Lorraine sat down on the bed with her head in her hands, and heavy spasms shook her shoulders and slender back. Theresa stood over her and clenched her hands to keep herself from reaching out and comforting her. Let her cry. She had to smarten up. She couldn’t spend the rest of her life in basements, talking to winos and building cardboard worlds that were just going to come crashing down around her ears.
Theresa left the bedroom and sat in the chair by the living room window. She watched the autumn sky darken and evening crystallize over the tops of the buildings while she sat there with the smugness of those who could amply justify their methods by the proof of their victorious ends. But even after seven cigarettes, she couldn’t expel the sour taste in her mouth. She heard Lorraine move around in the bedroom and then go into the shower. She finally joined her in the living room, freshly clothed. She had been almost successful in covering the puffiness around her eyes with makeup.
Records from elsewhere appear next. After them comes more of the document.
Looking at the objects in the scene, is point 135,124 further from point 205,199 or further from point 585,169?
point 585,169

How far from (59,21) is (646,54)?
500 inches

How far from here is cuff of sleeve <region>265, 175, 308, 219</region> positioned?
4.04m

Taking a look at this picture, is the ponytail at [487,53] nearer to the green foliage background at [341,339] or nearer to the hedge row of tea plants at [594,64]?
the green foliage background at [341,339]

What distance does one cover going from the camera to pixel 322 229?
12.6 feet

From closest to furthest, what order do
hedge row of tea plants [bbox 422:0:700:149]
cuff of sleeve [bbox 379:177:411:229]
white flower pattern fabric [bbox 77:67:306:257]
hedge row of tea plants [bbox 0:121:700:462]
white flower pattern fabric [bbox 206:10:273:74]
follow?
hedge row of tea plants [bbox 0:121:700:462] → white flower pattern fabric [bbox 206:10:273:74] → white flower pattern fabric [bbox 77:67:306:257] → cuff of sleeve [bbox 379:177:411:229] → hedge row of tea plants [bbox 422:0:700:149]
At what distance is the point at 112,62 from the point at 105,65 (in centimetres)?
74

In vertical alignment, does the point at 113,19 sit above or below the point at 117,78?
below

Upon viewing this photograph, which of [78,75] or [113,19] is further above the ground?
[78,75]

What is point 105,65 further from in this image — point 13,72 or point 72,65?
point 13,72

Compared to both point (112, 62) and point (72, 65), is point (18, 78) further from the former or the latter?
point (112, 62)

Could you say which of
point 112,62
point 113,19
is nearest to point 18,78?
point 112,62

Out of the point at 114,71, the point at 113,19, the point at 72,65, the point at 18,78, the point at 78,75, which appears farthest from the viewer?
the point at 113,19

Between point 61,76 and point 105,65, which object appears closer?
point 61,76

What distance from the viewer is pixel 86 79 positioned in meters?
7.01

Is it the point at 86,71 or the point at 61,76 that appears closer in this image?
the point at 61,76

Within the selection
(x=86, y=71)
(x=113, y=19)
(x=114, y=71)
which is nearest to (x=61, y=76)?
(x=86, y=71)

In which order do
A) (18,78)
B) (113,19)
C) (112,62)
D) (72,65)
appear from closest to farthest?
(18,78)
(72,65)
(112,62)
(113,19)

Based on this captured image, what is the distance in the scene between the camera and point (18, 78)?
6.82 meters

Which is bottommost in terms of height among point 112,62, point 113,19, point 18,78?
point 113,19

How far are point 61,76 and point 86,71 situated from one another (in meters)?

“I’m ready to go to the party. Shouldn’t you start getting dressed?”
Theresa looked at the black pumps and the green dress with black print. Something about the way it hung off of Lorraine’s body made her feel guilty.
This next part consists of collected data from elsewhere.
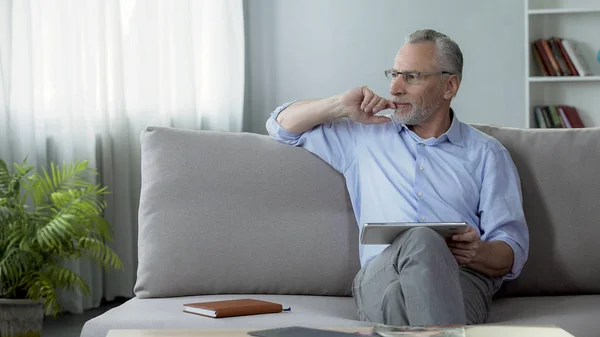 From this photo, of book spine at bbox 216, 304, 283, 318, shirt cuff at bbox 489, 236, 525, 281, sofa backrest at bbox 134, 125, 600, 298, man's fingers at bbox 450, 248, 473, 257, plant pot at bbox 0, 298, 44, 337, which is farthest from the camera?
plant pot at bbox 0, 298, 44, 337

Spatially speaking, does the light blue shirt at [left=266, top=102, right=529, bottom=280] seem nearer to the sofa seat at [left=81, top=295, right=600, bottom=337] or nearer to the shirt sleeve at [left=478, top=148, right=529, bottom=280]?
the shirt sleeve at [left=478, top=148, right=529, bottom=280]

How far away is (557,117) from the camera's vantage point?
15.5ft

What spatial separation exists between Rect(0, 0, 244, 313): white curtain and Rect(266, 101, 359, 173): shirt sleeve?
1.99 m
“I’ve changed my mind. I don’t feel up to it tonight.” She turned her head back toward the evening sky, as if the answer to their tangled lives lay in its dark face.
“Then I’m going without you.” The tone of Lorraine’s voice pulled her face unwillingly from the window.
“You won’t last ten minutes there alone, so why don’t you just sit down and stop it.”
“I have to go, Tee.” The urgency in her words startled Theresa, and she made a poor attempt of hiding it.
“If I can’t walk out of this house without you tonight, there’ll be nothing left in me to love you. And I’m trying, Theresa; I’m trying so hard to hold on to that.”
Theresa would live to be a very old woman and would replay those words in her mind a thousand times and then invent a thousand different things she could have said or done to keep the tall yellow woman in the green and black dress from walking out of that door for the last time in her life. But tonight she was a young woman and still in search of answers, and she made the fatal mistake that many young women do of believing that what never existed was just cleverly hidden beyond her reach. So Theresa said nothing to Lorraine that night, because she had already sadly turned her face back to the evening sky in a mute appeal for guidance.
Lorraine left the smoky and noisy club and decided to walk home to stretch the time. She had been ready to leave from the moment she had arrived, especially after she saw the disappointment on everyone’s face when she came in without Theresa. Theresa was the one who loved to dance
and joke and banter with them and could keep a party going. Lorraine sat in a corner, holding one drink all night and looking so intimidated by the people who approached her that she killed even the most persistent attempts at conversation. She sensed a mood of quiet hysteria and self-mockery in that club, and she fled from it, refusing to see any possible connection with her own existence.